The full sableclin sandwich model is best for applications like cross-border payroll, supplier settlements, remittances, treasury transfers.
Open Stablecoin Sandwich (Fiat In → Stablecoin Transfer → Customization)
Instead of automatically converting to local fiat, the recipient receives stablecoins in an embedded wallet. They can hold, spend on-chain, or off-ramp to their bank when they choose.
This model is gaining traction in the gig economy and creator economy. A contractor in the Philippines paid by a US company might prefer to hold USDC as dollar exposure rather than immediately converting to PHP, especially during periods of local currency depreciation.
The open sandwich requires on-ramp licensing and wallet infrastructure, but doesn't necessarily need a pre-integrated off-ramp in every destination.
The open stablecoin sandwich model is ideal for: freelancer payouts, gig worker payments, creator economy platforms, and markets where users want dollar exposure.
Compliance Surface In A Stablecoin Sandwich
.jpg)
While the stablecoin sandwich is a very simple flow to visualize, the compliance requirements underneath is the complete opposite.
The on-ramp is the heaviest layer. The provider must hold a license in the sender's jurisdiction (MTL in the US, FCA in the UK, AUSTRAC in Australia, MiCA CASP in the EU), perform KYC/KYB, run AML and sanctions screening, file suspicious activity reports, and maintain records for five to seven years. Each country requires its own license, which is the primary reason most fintechs don't build their own on-ramp.
The transfer layer is where the Travel Rule applies. VASPs must transmit originator and beneficiary information with every virtual asset transfer. Wallet screening, self-hosted wallet identification, and cross-chain bridge monitoring also apply.
The off-ramp is the hardest to execute. It requires local licensing, beneficiary KYC, bank account verification, and FX liquidity management. It's also where fraud risk concentrates because stablecoins settle in minutes, but fiat reversals are slow, so compromised transactions may be cashed out before fraud is detected.
For enterprise buyers evaluating infrastructure, the question is not "does it work?" It's "who holds the licenses in each corridor I need?"
Talk to our team and find out if Transak is the right fit for you.
Where Enterprises Are Using The Stablecoin Sandwich Today
The stablecoin sandwich is already all around us. Stablecoin transaction volume reached $33 trillion in 2025 and B2B stablecoin payments grew from under $100M monthly in early 2023 to over $6 billion by mid-2025.
Cross-Border Payroll
Companies paying contractors and employees across multiple countries use the full sandwich to settle in local currency without maintaining banking relationships in every market. Contractors who previously waited five business days for a wire transfer now receive funds the same day.
Remittances
In Latin America, 71% of stablecoin activity is tied to cross-border payments. For corridors like US-to-Mexico, US-to-Philippines, or Europe-to-Africa, the stablecoin sandwich cuts costs and settlement time dramatically compared to traditional remittance networks.

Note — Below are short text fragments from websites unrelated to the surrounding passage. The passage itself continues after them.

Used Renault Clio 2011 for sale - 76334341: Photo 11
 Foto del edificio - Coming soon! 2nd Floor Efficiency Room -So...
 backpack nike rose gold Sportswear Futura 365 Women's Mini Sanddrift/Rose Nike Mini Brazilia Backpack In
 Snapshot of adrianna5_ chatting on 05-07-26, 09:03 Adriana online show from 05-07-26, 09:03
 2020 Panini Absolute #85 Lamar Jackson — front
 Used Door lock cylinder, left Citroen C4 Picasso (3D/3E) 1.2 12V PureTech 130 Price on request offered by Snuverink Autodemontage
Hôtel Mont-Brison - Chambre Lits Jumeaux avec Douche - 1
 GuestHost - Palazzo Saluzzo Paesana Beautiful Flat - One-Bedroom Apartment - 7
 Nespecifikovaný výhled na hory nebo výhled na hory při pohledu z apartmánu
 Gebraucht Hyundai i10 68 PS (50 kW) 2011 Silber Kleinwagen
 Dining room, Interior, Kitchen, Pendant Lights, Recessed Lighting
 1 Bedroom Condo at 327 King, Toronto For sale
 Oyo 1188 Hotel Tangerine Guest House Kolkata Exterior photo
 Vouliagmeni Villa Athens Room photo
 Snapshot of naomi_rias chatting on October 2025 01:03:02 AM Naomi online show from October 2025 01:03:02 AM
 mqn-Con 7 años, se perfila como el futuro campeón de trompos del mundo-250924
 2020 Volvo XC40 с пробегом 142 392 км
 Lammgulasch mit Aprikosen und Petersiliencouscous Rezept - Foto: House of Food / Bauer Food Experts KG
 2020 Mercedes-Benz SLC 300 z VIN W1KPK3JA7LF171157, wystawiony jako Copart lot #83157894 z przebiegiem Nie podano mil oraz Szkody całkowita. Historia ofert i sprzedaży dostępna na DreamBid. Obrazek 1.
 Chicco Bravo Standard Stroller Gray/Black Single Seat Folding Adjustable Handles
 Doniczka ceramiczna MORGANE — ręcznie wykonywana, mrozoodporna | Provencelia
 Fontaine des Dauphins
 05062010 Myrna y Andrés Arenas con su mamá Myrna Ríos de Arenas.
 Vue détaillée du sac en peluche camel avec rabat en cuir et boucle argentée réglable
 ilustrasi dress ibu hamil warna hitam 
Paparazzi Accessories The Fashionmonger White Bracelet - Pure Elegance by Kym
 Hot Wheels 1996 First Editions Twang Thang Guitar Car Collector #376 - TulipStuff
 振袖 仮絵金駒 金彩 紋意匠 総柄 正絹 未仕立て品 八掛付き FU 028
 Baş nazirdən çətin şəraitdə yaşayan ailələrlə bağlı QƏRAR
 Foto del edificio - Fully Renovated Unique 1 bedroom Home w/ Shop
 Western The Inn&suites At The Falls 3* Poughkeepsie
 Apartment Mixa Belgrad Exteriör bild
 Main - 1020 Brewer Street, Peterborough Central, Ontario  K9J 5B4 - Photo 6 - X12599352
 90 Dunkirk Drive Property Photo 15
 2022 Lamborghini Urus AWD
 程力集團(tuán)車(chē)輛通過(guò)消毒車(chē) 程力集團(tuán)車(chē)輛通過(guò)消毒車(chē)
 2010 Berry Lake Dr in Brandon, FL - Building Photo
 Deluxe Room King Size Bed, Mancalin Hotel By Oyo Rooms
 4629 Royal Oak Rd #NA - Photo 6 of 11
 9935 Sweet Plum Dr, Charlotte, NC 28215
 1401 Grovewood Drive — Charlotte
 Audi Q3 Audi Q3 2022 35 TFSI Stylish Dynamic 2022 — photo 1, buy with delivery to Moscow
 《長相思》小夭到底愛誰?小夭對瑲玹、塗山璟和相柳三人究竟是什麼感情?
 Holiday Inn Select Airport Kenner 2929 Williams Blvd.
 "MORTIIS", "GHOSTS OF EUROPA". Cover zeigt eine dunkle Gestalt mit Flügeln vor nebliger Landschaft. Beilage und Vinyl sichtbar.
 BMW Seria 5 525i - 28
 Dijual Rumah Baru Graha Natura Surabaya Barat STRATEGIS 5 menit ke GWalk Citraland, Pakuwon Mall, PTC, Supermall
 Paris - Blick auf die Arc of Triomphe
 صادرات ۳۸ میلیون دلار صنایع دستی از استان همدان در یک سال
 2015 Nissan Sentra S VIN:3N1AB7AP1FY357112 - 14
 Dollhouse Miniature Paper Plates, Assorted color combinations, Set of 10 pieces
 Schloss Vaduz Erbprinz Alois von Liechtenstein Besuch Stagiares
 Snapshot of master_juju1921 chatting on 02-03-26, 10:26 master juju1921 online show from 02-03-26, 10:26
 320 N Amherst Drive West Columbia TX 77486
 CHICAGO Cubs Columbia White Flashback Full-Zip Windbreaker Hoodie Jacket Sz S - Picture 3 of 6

Treasury and Supplier Payments
Finance teams use stablecoin rails to move money between subsidiaries, settle supplier invoices across borders, and manage liquidity across time zones. The prefunding elimination alone justifies the switch for companies currently locking millions in destination-country accounts.
Card Network Integration
Visa's stablecoin settlement reached a $4.5 billion annualized run rate by January 2026. Card-linked stablecoin spending exceeded $18 billion annualized in early 2026. The stablecoin sandwich is being absorbed into the existing card infrastructure.
Limitations and Risks
The stablecoin sandwich is a significant improvement over correspondent banking, but it isn't without trade-offs.
Last-Mile Liquidity
The off-ramp depends on local fiat liquidity. In developed markets like the US, UK, or EU, this is straightforward. In emerging markets with thin banking infrastructure, limited FX liquidity, or capital controls, the off-ramp can become the bottleneck. Coverage is only as good as the off-ramp network.
Transak provides coverage across key payment corridors globally. Talk to us today and find out if your preferred corridor is supported.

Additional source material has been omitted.